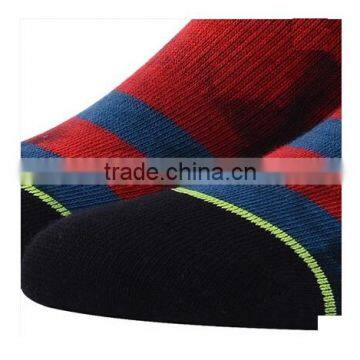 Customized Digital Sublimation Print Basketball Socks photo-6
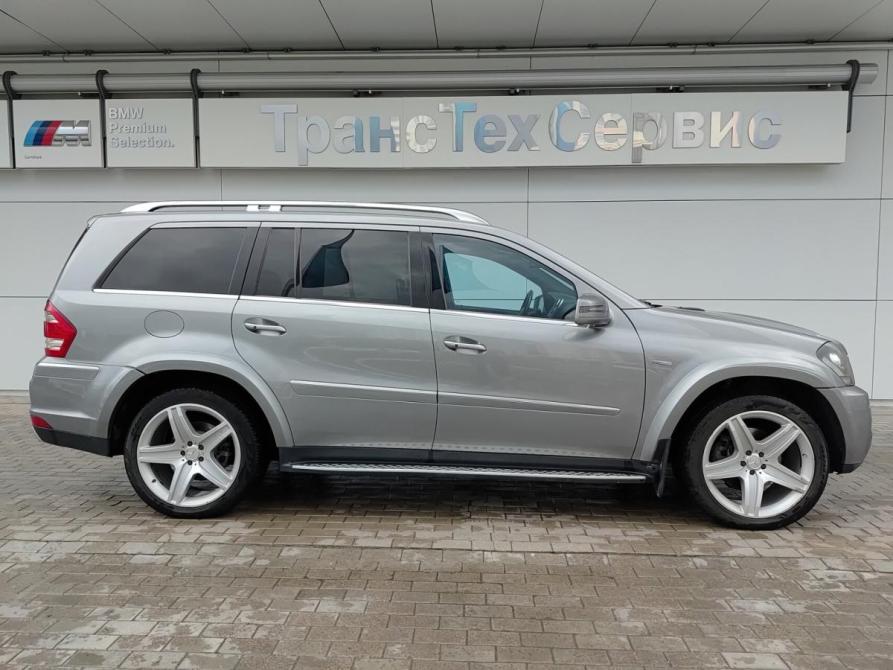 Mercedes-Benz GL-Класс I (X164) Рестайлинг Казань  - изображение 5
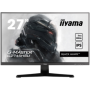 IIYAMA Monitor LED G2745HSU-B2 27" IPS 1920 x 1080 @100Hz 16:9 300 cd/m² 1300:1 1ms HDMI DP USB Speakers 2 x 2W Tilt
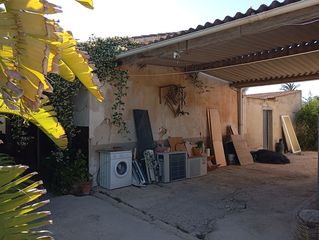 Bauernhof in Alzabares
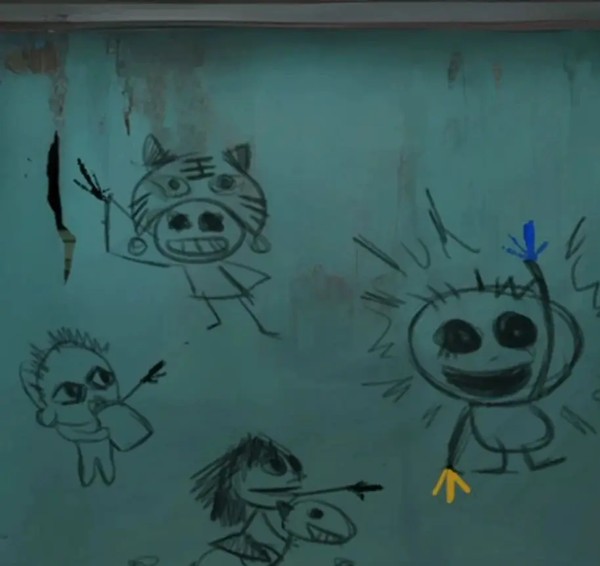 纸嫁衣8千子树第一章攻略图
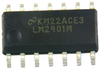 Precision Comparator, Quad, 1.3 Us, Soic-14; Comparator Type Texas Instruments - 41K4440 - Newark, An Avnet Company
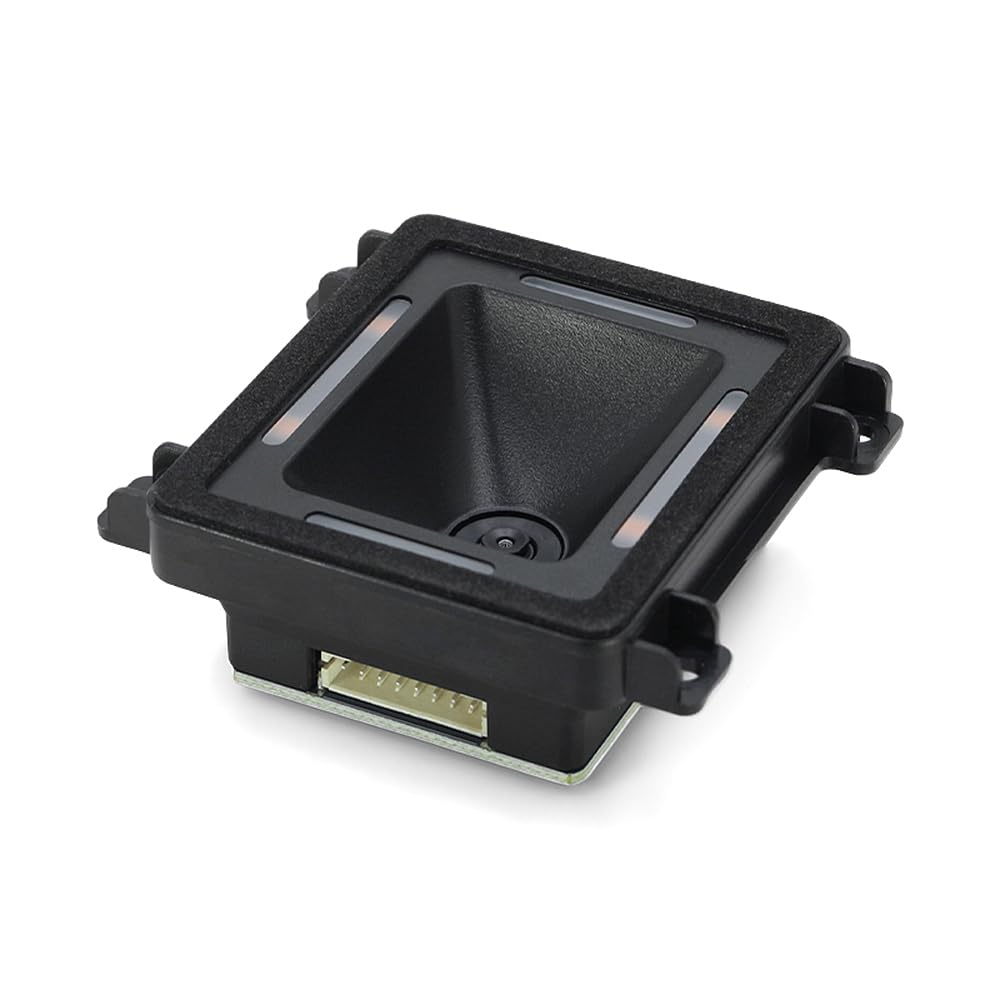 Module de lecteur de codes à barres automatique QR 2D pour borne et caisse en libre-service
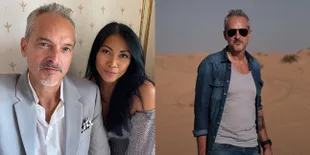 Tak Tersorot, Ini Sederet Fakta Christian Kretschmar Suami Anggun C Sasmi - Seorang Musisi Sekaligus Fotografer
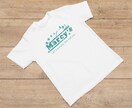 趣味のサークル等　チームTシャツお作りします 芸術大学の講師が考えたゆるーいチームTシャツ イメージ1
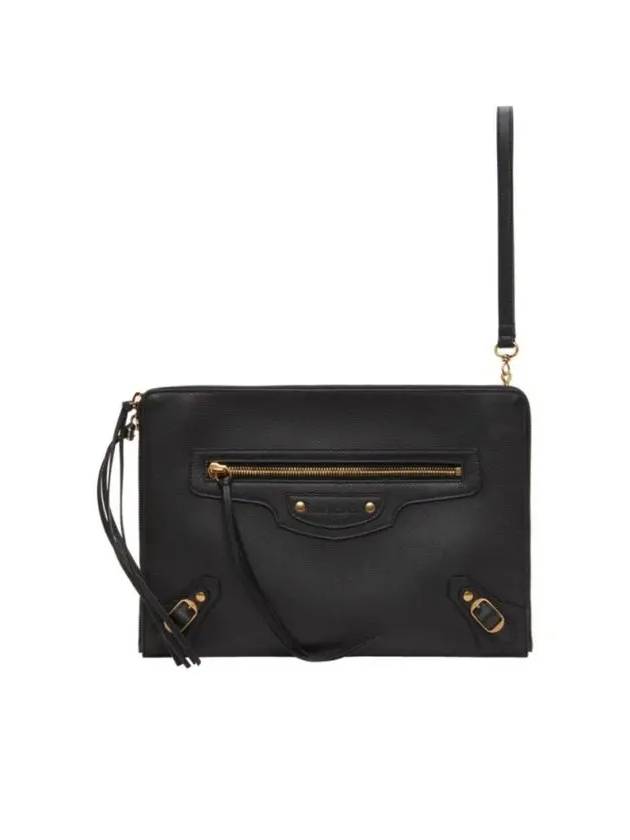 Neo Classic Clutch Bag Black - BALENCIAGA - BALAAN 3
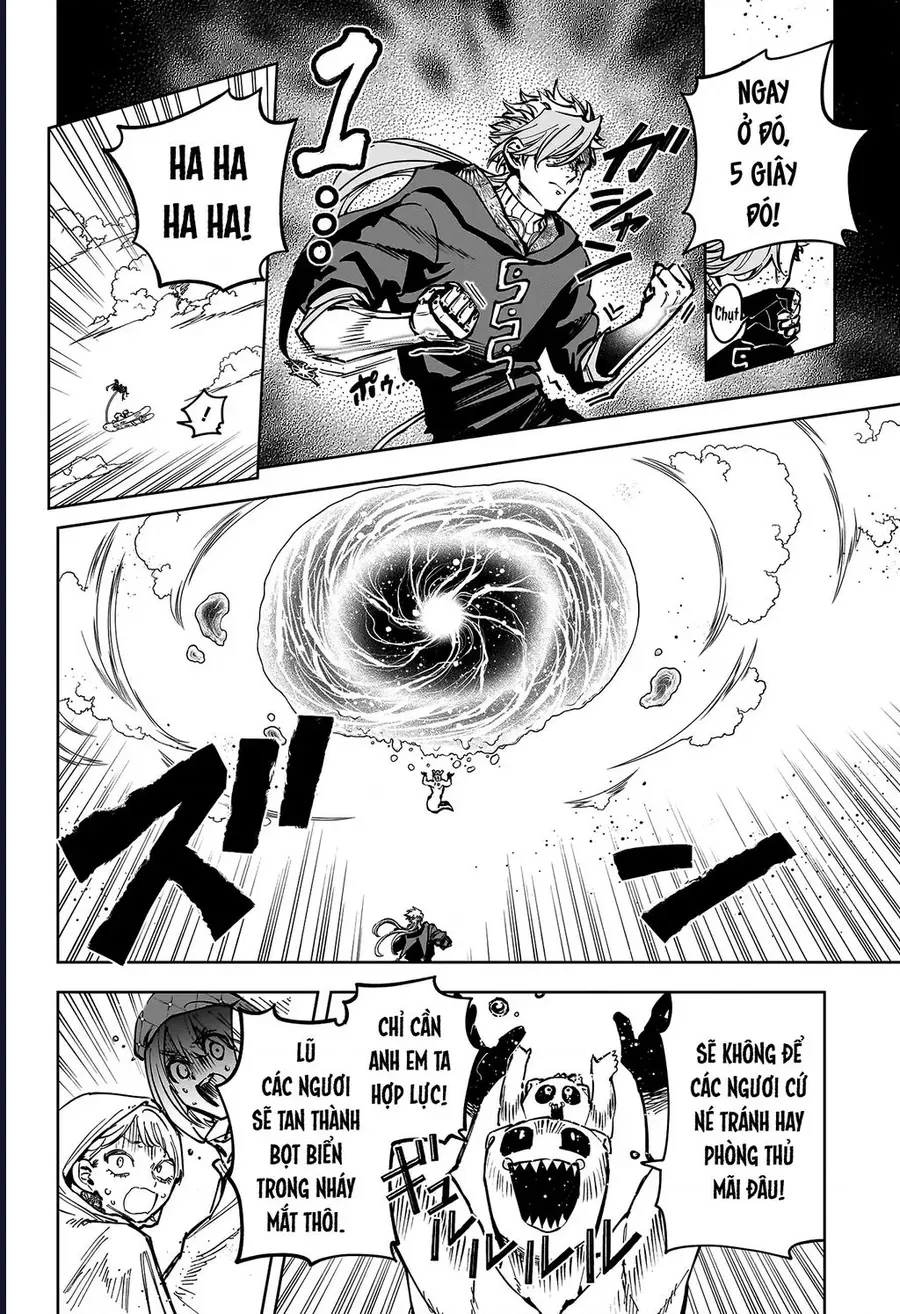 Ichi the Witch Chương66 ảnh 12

● **WHAT TO DO**
Take the records from their first line through the line containing "Precision Comparator, Quad, 1.3" and please return exactly those lines, both ends included, minus the pictures.

● **SOLUTION FOR THIS PROBLEM**
 Customized Digital Sublimation Print Basketball Socks photo-6
 Mercedes-Benz GL-Класс I (X164) Рестайлинг Казань  - изображение 5
 IIYAMA Monitor LED G2745HSU-B2 27" IPS 1920 x 1080 @100Hz 16:9 300 cd/m² 1300:1 1ms HDMI DP USB Speakers 2 x 2W Tilt
 Bauernhof in Alzabares
 纸嫁衣8千子树第一章攻略图
 Precision Comparator, Quad, 1.3 Us, Soic-14; Comparator Type Texas Instruments - 41K4440 - Newark, An Avnet Company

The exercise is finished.